Tom Kellermann, Chief Cybersecurity Officer, Carbon Black:
It appears there had been unauthorized access to the Starwood network since 2014, demonstrating that attackers will get into an enterprise and attempt to remain undetected. A recent Carbon Black threat report found that nearly 60% of attacks now involve lateral movement, which means attackers aren’t just going after one component of an organization – they’re getting in, moving around and seeking more targets as they go.
The report also found that more than a third (50%) of today’s attackers now use the victim primarily for island hopping. In these campaigns, attackers first target an organization’s affiliates, often smaller companies with immature security postures and this can often be the case during mergers and acquisitions. This means that data at every point in the supply chain may be at risk, from customers, to partners, to potential acquisitions.
Amit Ashbel, Security Evangelist, Cognigo:
The breach started almost 5 years ago and supposedly increased in size over this year, but it took IHG more than a month to confirm that finding.
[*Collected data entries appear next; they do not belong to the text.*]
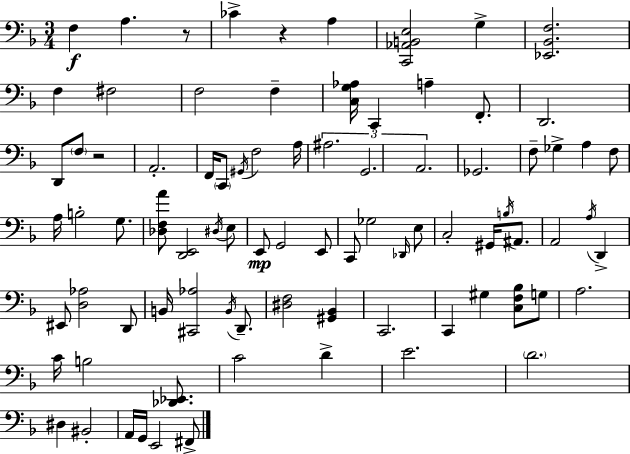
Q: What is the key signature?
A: D minor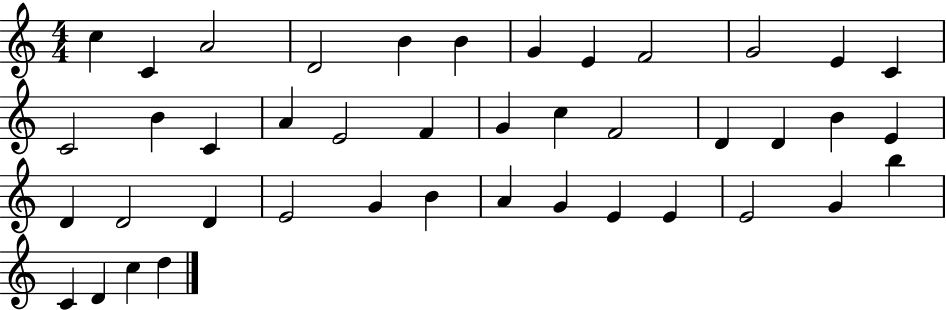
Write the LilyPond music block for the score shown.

{
  \clef treble
  \numericTimeSignature
  \time 4/4
  \key c \major
  c''4 c'4 a'2 | d'2 b'4 b'4 | g'4 e'4 f'2 | g'2 e'4 c'4 | \break c'2 b'4 c'4 | a'4 e'2 f'4 | g'4 c''4 f'2 | d'4 d'4 b'4 e'4 | \break d'4 d'2 d'4 | e'2 g'4 b'4 | a'4 g'4 e'4 e'4 | e'2 g'4 b''4 | \break c'4 d'4 c''4 d''4 | \bar "|."
}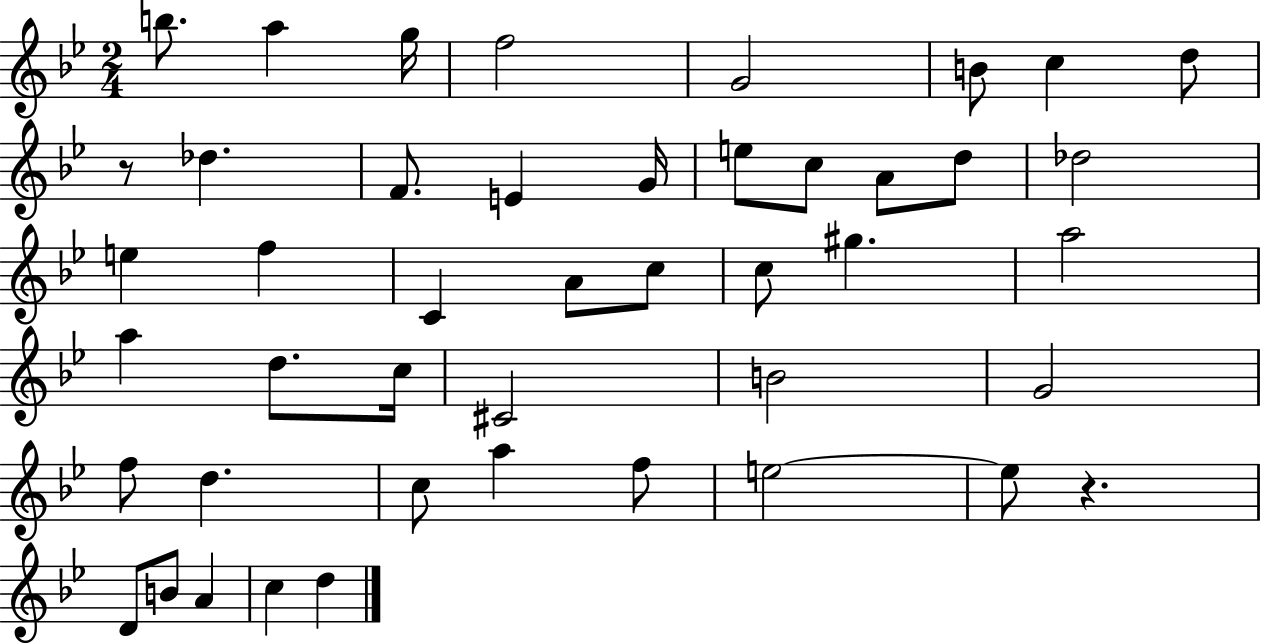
X:1
T:Untitled
M:2/4
L:1/4
K:Bb
b/2 a g/4 f2 G2 B/2 c d/2 z/2 _d F/2 E G/4 e/2 c/2 A/2 d/2 _d2 e f C A/2 c/2 c/2 ^g a2 a d/2 c/4 ^C2 B2 G2 f/2 d c/2 a f/2 e2 e/2 z D/2 B/2 A c d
Under new regulations such as the GDPR and CCPA, incidents should be reported and analyzed within the span of 72 hours. Obviously, IHG had to spend quite significant efforts to get all the data about the breach if it took so long.
Organizations need to be able to constantly monitor all their data – whether DB structured or unstructured. The key to protecting consumer data is not by placing a firewall or a DLP but being able to make sure you continuously have the ability to discover data, classify it accordingly, and take actions on the data itself to prevent access or exfiltration of any valuable or sensitive information.